▸ **Requirement**
Transcribe the data verbatim and drop its images.

▸ **Source data**
###
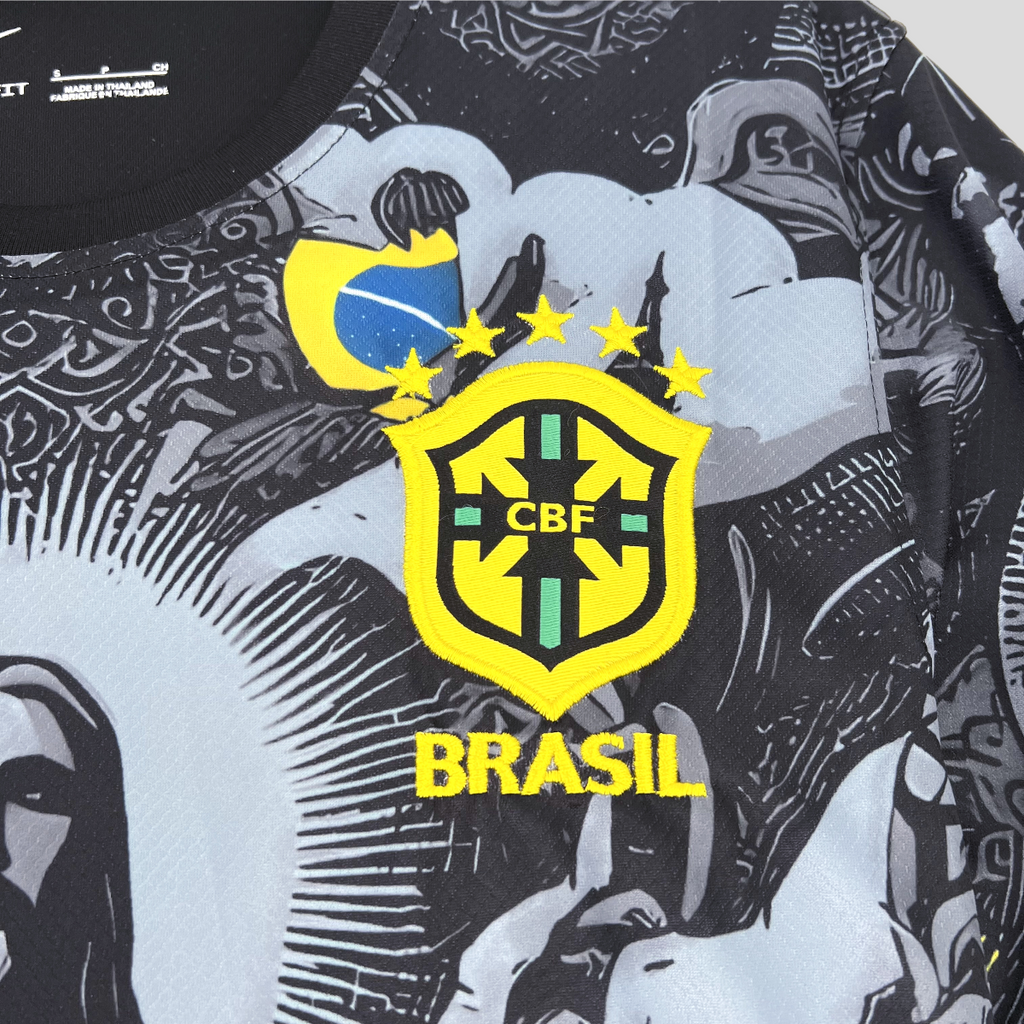Brasil Jesus Sonderedition Trikot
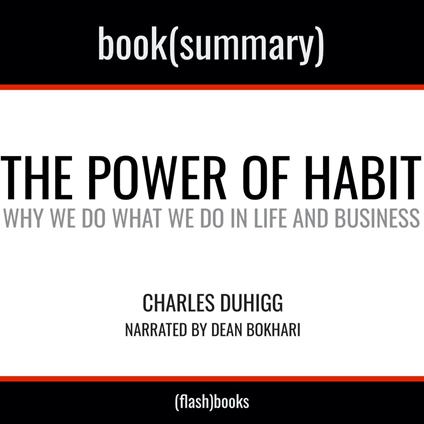 Summary: The Power of Habit by Charles Duhigg
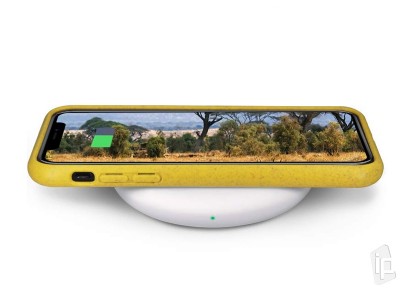 Eco Friendly Case (�lt�) - Kompostovate�n� ochrann� obal pre iPhone XS Max **AKCIA!!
###
▸ **Written solution**
Brasil Jesus Sonderedition Trikot
 Summary: The Power of Habit by Charles Duhigg
 Eco Friendly Case (�lt�) - Kompostovate�n� ochrann� obal pre iPhone XS Max **AKCIA!!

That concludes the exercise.